Your task: Everything in the listing should be copied exactly, save for the pictures.
====
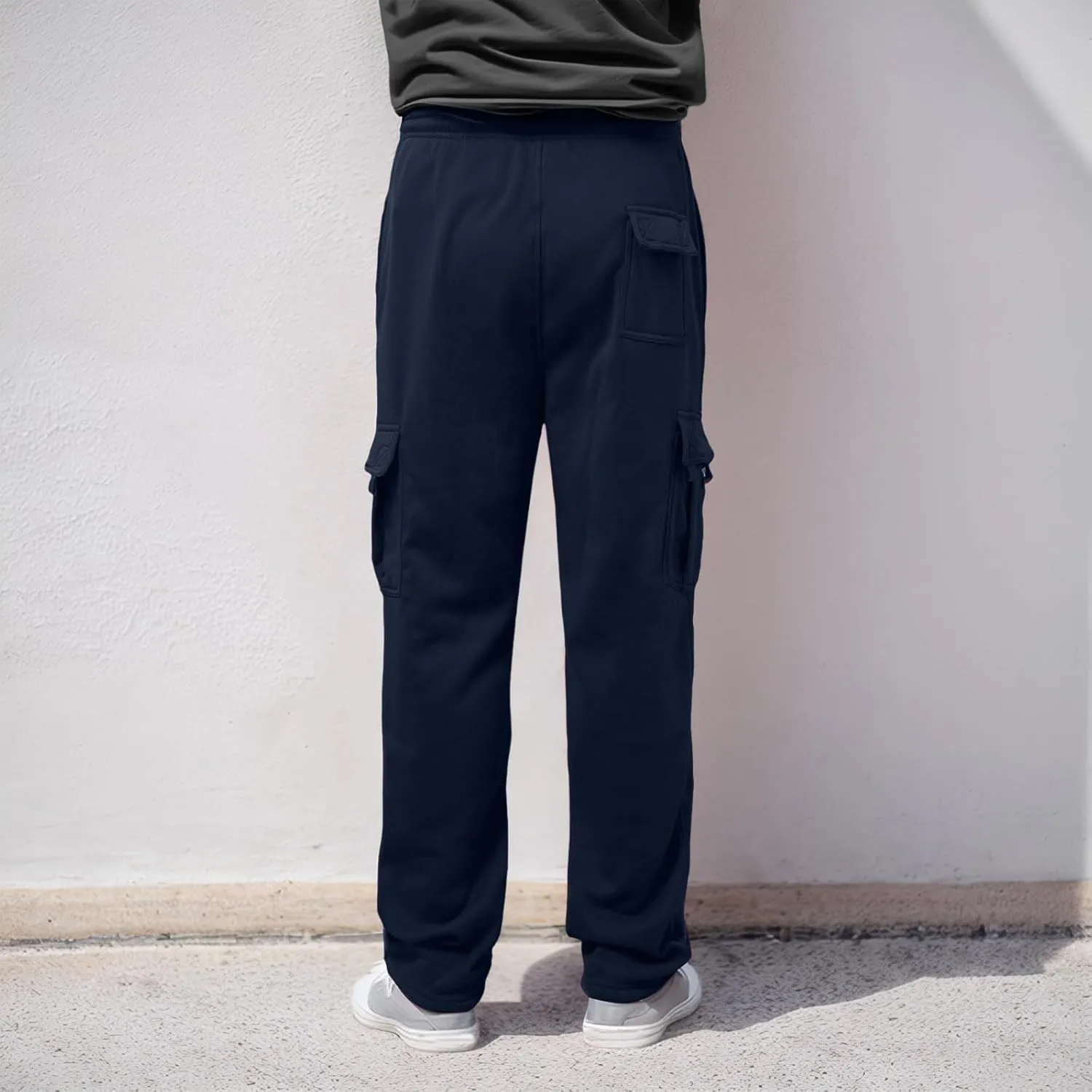 Men's Casual Sweatpants Drawstring Baggy Wide Straight Leg Relaxed Fit Overalls Multi-Pocket Trousers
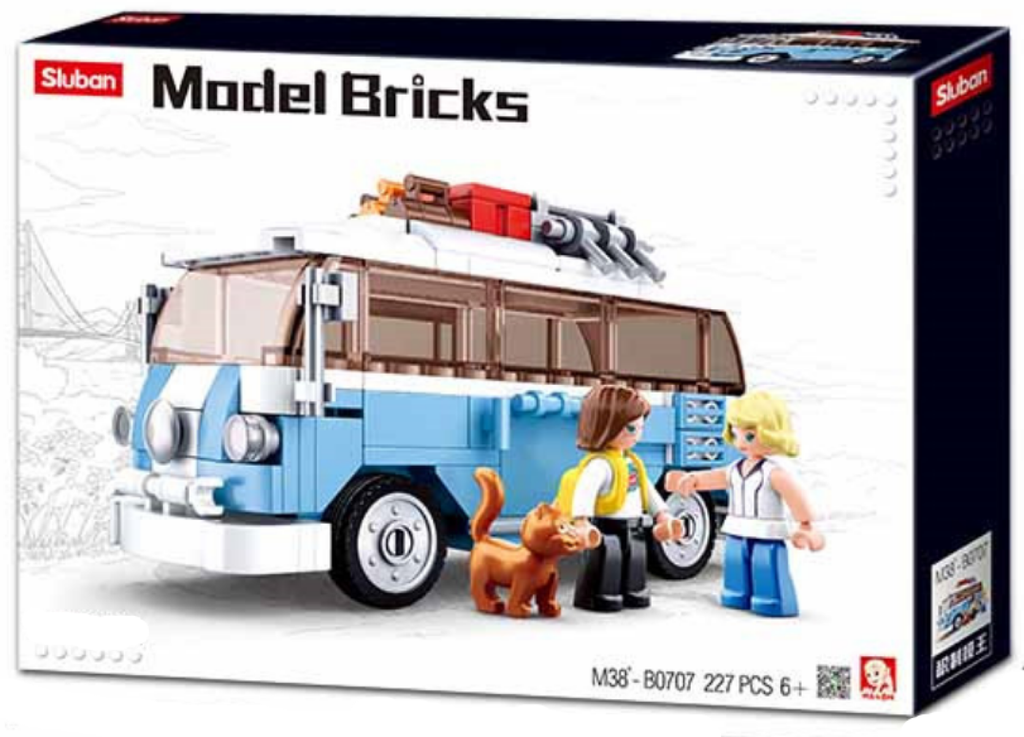 Model Bricks Blue T1 Van Building Brick Kit (233 Pcs)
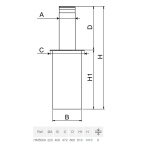 Benito hydraulische bollard - Ø220 - 6mm - 600mm - RVS 304 - LED 4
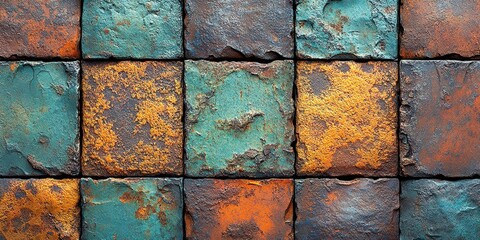 Poster - Colorful textured tiles with orange and turquoise tones create a captivating visual display on the surface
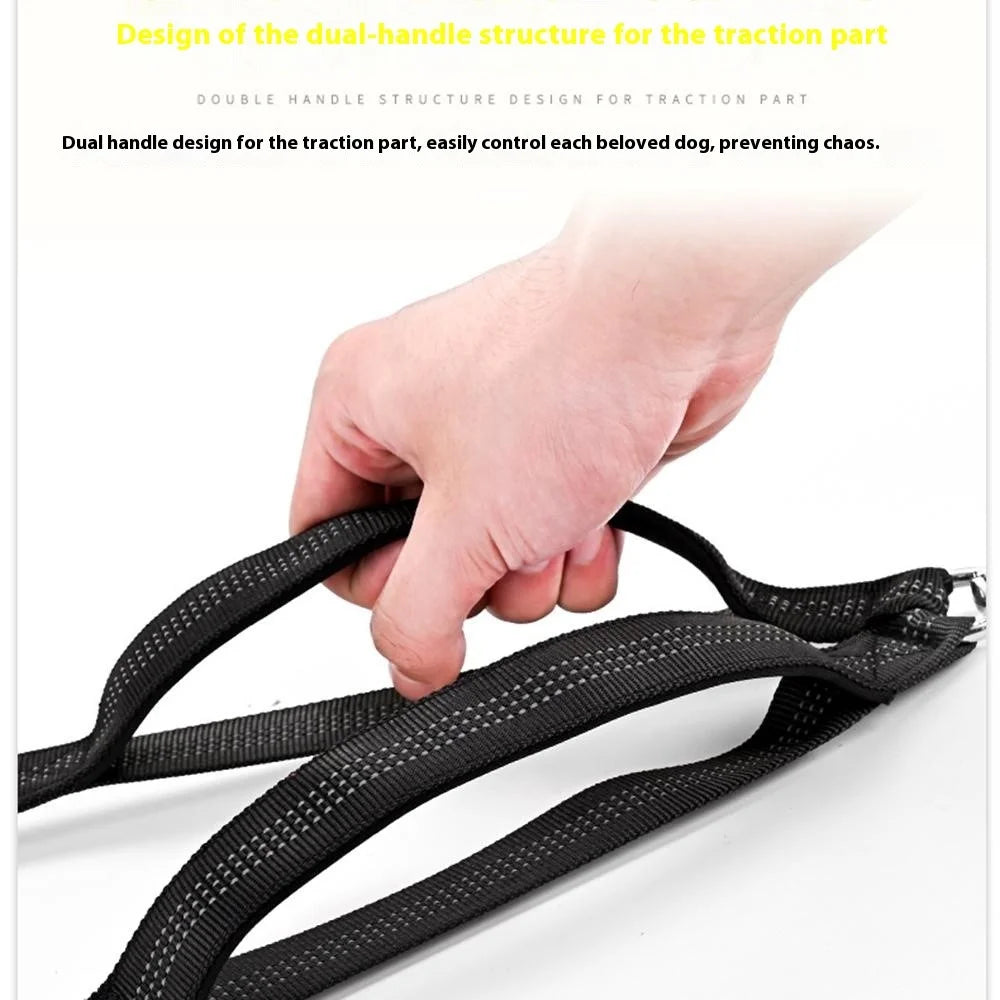 140-200cm Adjustable Length Nylon Reflective Dog Leash Dual Headed Pet Lead Gift for 2 Dogs - Black - 2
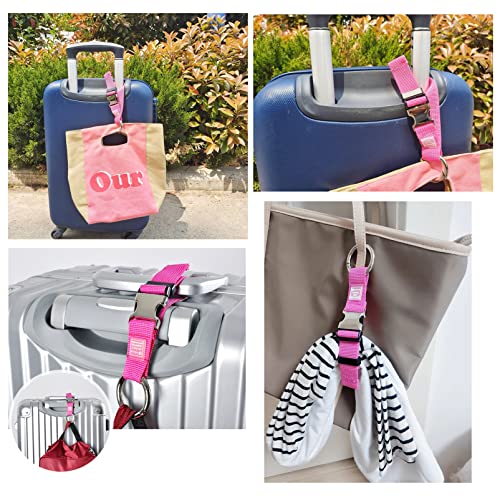Image of 3PCS Heavy Duty Add a Bag Luggage Straps Jacket Gripper 3PCS Luggage Tag Suitcase TravelTags with Name ID Card,Carry-on Luggage Belt Baggage Suitcase Straps Belts Travel Accessories (Rose Red)
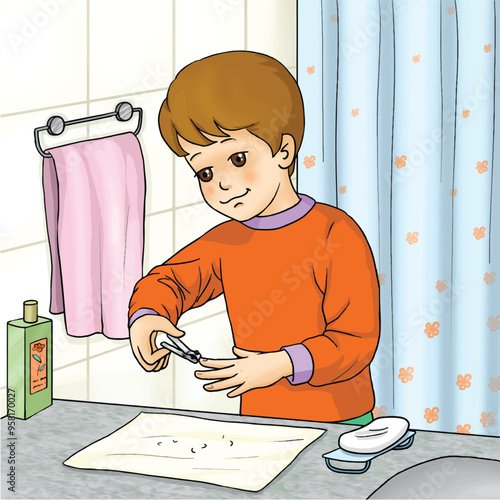 boy cuts his growing nails with nail clippers in the bathroom. she takes care of her nails after cutting them with nail clippers.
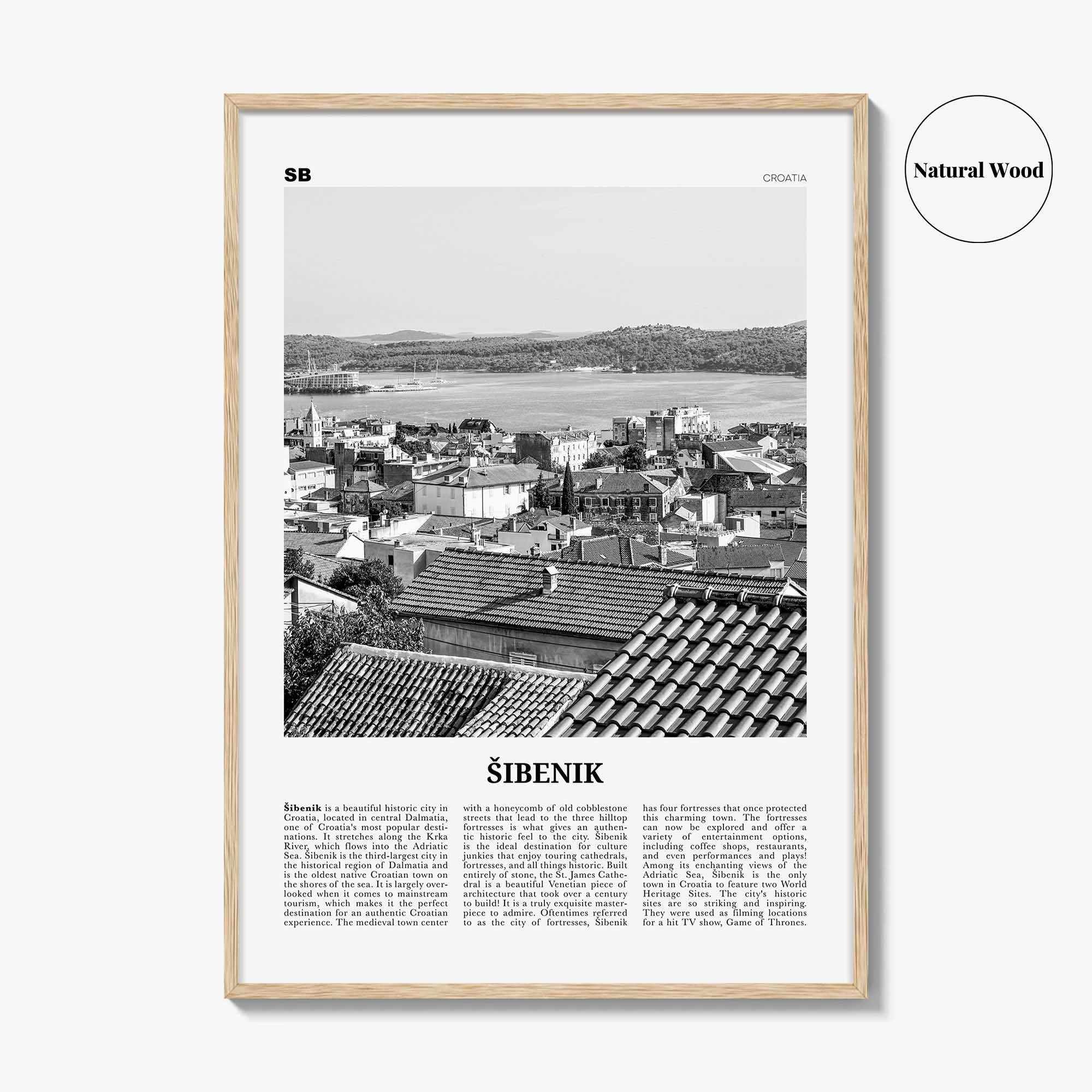 Sibenik Print Black and White, Šibenik Wall Art, Šibenik Poster, Šibenik Photo, Šibenik Wall Décor, Croatia, Hrvatska, Sebenico, Dalmatia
====
Task result:
 Men's Casual Sweatpants Drawstring Baggy Wide Straight Leg Relaxed Fit Overalls Multi-Pocket Trousers
 Model Bricks Blue T1 Van Building Brick Kit (233 Pcs)
 Benito hydraulische bollard - Ø220 - 6mm - 600mm - RVS 304 - LED 4
 Poster - Colorful textured tiles with orange and turquoise tones create a captivating visual display on the surface
 140-200cm Adjustable Length Nylon Reflective Dog Leash Dual Headed Pet Lead Gift for 2 Dogs - Black - 2
Image of 3PCS Heavy Duty Add a Bag Luggage Straps Jacket Gripper 3PCS Luggage Tag Suitcase TravelTags with Name ID Card,Carry-on Luggage Belt Baggage Suitcase Straps Belts Travel Accessories (Rose Red)
 boy cuts his growing nails with nail clippers in the bathroom. she takes care of her nails after cutting them with nail clippers.
 Sibenik Print Black and White, Šibenik Wall Art, Šibenik Poster, Šibenik Photo, Šibenik Wall Décor, Croatia, Hrvatska, Sebenico, Dalmatia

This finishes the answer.